He's just scribbled a handful of equations on a whiteboard, including one called the Heath-Jarrow-Morton model. Developed in the late 1980s, the formula looks horrifically complicated to the layman. But to a mathematician it's elegant, simple—and dangerous. Behind its simplicity lie hidden mistakes, unobservable variables like volatility and correlation that can provide a false sense of security. "With models, you want to see where things go wrong," says Wilmott. "You want to see the dirt. But HJM is actually just a big rug for [mistakes] to be swept under." For the next half hour, Wilmott deconstructs the thing, cautioning students on overreliance. "In the end, we should all like models that wear their faults on their sleeves," he tells the class.

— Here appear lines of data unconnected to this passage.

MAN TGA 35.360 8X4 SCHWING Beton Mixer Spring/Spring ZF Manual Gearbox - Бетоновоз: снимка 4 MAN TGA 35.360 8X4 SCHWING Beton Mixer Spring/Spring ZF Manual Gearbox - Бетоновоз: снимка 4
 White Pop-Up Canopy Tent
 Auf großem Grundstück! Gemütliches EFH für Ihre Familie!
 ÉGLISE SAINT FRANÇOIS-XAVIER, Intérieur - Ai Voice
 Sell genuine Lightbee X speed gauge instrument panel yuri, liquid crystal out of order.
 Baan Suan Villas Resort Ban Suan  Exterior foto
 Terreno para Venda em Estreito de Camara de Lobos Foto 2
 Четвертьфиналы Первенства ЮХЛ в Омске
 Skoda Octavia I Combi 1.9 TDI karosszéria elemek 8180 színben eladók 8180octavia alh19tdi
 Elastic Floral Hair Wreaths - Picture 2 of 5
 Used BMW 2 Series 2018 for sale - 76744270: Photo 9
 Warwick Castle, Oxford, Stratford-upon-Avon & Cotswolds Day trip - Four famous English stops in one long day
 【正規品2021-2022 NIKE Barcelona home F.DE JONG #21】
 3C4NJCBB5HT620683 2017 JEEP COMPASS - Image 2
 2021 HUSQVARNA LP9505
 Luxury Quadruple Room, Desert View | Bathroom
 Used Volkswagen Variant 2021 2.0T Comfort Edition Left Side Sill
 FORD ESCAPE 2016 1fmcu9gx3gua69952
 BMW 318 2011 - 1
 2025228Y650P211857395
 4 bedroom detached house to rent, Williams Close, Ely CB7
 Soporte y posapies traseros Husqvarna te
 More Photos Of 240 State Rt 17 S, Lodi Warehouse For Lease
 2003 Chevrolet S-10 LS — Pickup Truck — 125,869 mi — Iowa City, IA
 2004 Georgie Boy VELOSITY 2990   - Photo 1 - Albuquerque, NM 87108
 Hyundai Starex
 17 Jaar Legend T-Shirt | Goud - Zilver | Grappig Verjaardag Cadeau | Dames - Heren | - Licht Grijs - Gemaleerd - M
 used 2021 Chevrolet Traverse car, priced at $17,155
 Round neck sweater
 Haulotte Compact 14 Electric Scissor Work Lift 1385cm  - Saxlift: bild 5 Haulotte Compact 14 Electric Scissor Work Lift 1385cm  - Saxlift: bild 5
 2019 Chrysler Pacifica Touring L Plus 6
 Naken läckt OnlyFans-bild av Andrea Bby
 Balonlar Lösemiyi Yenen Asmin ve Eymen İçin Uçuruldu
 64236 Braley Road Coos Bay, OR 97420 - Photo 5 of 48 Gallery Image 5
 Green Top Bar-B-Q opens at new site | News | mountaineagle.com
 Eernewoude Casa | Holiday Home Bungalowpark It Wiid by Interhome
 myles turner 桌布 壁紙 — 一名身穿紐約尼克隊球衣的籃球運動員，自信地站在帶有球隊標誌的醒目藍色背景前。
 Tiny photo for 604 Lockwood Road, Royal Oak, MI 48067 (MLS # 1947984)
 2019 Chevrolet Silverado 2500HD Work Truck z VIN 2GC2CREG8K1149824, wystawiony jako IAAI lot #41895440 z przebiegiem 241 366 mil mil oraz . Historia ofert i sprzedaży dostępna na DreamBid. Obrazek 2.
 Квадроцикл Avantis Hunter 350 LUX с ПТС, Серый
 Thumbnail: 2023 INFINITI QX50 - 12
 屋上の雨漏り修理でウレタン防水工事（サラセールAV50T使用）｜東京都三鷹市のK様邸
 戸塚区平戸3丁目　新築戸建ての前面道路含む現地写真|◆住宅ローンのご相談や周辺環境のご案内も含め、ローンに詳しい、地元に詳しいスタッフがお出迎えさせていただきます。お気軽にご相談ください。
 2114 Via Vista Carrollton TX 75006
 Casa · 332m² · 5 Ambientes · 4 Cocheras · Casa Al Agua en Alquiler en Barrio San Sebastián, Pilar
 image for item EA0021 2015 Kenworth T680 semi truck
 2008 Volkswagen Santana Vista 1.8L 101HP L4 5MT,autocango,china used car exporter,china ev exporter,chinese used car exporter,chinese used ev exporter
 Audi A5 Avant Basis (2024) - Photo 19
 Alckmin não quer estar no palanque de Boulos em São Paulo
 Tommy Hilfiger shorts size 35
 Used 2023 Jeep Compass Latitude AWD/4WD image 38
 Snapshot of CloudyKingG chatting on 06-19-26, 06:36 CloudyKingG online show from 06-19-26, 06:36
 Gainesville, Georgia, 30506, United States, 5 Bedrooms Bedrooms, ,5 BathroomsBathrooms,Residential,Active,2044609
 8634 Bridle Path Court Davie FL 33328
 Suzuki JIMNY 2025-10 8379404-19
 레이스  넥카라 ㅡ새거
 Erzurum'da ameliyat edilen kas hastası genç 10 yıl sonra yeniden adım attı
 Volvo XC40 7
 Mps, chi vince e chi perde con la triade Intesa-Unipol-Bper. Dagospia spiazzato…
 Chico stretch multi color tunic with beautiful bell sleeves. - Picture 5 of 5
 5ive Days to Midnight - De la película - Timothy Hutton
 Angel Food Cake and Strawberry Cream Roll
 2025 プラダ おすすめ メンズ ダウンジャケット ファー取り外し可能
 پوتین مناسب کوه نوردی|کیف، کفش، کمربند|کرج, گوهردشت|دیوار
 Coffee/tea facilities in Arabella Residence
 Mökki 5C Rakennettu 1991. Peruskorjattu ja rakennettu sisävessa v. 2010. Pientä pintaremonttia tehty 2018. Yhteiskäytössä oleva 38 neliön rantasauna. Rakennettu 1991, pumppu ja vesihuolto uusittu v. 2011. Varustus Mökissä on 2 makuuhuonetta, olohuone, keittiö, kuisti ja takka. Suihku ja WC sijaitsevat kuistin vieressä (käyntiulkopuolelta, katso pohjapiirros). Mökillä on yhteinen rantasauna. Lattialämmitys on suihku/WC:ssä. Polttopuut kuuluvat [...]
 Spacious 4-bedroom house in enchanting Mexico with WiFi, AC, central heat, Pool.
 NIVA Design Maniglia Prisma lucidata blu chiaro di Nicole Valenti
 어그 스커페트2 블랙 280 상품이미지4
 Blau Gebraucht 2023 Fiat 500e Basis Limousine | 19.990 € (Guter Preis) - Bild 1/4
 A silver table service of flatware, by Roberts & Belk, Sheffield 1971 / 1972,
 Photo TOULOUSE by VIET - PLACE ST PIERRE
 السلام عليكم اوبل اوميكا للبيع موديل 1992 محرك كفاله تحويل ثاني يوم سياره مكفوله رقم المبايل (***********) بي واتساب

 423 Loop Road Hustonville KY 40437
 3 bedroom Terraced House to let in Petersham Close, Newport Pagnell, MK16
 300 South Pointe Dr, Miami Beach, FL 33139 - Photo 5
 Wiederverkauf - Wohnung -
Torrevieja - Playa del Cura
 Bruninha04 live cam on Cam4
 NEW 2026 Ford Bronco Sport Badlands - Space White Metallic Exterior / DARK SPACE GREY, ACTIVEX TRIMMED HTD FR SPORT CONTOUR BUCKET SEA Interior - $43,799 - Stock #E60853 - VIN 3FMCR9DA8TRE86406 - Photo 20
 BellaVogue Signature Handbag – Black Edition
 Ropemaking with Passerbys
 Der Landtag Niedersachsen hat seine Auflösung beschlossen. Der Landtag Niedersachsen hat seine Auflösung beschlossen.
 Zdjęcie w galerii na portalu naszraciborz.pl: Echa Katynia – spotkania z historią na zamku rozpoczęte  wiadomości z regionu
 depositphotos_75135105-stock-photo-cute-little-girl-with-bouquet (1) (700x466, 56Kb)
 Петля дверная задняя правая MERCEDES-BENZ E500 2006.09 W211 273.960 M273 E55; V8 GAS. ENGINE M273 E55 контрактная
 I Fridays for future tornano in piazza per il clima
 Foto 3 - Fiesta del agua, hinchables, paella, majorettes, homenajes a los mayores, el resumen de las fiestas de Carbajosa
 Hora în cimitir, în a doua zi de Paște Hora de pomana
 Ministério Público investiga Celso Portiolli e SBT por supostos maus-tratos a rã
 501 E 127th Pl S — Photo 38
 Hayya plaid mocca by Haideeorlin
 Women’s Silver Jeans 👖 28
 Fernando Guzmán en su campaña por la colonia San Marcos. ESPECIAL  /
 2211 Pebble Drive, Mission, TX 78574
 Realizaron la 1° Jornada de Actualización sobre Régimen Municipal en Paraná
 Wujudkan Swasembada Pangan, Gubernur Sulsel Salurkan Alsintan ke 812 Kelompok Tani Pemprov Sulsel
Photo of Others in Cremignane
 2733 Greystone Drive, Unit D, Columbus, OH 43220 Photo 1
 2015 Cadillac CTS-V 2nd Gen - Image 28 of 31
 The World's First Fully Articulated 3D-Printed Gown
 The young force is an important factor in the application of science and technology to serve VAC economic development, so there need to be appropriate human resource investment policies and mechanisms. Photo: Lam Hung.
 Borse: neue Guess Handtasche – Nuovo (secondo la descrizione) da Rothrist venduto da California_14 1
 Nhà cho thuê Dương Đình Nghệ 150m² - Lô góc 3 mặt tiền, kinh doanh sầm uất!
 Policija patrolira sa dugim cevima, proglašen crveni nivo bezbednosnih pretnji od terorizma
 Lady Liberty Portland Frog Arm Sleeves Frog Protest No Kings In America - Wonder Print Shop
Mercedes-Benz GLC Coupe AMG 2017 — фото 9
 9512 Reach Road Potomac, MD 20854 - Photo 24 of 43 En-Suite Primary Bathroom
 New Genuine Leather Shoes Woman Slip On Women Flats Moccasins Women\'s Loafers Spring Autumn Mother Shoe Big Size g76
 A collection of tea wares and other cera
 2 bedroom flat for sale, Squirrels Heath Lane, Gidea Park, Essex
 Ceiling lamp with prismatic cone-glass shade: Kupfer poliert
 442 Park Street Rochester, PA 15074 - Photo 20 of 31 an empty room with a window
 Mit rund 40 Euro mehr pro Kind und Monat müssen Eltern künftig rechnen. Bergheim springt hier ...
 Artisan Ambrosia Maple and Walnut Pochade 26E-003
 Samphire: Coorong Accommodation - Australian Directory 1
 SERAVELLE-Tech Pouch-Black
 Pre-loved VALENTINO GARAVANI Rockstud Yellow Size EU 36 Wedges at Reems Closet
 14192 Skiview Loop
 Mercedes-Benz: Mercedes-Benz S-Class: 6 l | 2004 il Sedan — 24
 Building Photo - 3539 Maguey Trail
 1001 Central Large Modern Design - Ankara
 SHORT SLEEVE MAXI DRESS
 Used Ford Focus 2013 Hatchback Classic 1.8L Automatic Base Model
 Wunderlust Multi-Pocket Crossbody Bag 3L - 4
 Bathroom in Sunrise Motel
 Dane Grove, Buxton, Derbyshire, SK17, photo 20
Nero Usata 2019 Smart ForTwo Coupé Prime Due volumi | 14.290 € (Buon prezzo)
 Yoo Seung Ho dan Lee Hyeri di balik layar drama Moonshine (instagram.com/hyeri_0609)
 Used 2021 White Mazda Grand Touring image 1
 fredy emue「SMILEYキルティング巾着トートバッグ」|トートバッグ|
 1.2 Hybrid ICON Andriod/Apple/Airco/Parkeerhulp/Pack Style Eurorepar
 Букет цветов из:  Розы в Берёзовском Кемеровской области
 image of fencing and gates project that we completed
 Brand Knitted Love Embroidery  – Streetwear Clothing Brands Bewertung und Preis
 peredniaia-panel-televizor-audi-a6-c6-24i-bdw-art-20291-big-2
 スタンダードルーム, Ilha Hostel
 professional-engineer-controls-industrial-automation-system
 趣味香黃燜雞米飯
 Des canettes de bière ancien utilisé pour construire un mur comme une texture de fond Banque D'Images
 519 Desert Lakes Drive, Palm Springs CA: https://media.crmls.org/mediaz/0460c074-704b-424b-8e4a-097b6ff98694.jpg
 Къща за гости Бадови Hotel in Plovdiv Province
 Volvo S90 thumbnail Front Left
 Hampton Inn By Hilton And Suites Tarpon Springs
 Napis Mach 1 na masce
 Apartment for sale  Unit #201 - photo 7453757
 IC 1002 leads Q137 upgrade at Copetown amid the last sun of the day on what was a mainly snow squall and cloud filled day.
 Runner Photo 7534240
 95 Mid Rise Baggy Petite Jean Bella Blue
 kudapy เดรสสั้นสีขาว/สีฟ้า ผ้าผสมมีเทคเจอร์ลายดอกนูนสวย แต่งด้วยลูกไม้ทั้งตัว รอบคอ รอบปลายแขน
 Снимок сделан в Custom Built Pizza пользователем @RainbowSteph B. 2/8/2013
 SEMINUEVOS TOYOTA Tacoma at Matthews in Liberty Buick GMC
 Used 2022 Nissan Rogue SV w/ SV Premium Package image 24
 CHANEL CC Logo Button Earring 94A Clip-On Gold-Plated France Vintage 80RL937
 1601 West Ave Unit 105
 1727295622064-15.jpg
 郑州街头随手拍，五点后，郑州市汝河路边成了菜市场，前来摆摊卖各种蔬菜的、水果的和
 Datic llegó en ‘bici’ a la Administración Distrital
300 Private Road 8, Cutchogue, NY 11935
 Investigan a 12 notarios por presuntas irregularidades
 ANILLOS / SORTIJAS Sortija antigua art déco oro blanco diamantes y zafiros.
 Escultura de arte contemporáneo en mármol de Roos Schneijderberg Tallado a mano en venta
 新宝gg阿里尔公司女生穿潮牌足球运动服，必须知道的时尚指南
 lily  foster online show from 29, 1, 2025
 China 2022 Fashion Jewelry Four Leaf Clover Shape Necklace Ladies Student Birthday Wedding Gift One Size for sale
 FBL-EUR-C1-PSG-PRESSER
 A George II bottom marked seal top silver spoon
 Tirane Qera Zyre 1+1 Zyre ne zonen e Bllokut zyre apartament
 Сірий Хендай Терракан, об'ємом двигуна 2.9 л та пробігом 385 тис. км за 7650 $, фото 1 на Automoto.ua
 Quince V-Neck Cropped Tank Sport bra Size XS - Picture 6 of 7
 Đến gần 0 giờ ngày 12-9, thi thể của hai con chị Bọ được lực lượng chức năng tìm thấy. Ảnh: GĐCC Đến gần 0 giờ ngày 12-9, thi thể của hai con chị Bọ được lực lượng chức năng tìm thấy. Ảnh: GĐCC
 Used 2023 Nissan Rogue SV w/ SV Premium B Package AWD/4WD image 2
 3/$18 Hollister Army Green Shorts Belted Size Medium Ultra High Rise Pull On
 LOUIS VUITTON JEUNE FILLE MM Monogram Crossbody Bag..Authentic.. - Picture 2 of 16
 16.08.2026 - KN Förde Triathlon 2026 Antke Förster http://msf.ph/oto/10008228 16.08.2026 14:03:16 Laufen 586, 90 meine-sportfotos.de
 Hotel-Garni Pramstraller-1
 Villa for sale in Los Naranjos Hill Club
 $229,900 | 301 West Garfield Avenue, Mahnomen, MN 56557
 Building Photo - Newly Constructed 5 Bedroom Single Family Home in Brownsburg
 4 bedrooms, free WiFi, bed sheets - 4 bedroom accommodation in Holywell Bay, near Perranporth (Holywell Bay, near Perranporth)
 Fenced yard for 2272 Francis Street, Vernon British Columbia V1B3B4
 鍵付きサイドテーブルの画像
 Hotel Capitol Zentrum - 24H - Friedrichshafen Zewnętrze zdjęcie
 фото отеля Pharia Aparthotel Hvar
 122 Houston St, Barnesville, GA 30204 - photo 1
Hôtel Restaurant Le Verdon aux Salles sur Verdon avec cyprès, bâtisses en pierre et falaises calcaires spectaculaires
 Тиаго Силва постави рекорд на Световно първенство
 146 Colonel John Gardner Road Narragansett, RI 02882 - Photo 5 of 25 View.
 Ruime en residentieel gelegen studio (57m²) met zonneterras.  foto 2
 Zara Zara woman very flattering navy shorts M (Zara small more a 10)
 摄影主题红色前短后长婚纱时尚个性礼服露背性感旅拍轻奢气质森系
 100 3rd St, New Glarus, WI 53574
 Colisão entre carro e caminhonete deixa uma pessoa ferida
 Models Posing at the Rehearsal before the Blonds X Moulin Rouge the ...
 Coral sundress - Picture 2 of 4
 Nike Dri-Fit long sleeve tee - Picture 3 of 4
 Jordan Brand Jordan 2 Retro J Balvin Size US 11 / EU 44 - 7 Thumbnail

Two hours later, Wilmott is treating his students to beers at a nearby pub. Among them are half a dozen fresh-faced Citigroup employees, all in their mid-20s, all recent physics or engineering Ph.D. graduates, and all being sponsored by Citigroup to take the CQF. (Banks have only recently started sponsoring students to take Wilmott's classes, a tacit acknowledgment that quants need more holistic training.) "There's an arms race going on in quantitative finance," says one of the students. "The CQF gives us another weapon in our arsenal."
On a typical April weekday, Wilmott spends the morning in his office, a small, gray room that's completely nondescript save for the giant blackboard filled with mathematical notation. There he goes over the final touches of an options formula he's getting ready to publish with a former student. He then takes the tube across town to London's posh Grosvenor Square to meet with three former investment bankers who want to hire him as a quant on call for their consultancy startup. They pitch Wilmott while sitting in the modern dining room of Gordon Ramsay's Maze Grill restaurant. Wilmott tells them he'll think about it, then sets off down Oxford Street, a stretch of shops that's swarming with tourists.
Picking his way through, on and off his cell phone, Wilmott talks about the contradictions in his life: he's a car enthusiast who hates to drive; he goes on Swiss ski trips but doesn't ski. Though he's nearly 50, he could pass for 30-something, especially when dressed in skinny jeans, black Chuck Taylors, Gucci eyeglasses and a retro zip-up cardigan. This is his outfit of choice so long as he's not giving a speech somewhere, in which case he might change his shoes and throw on a jacket.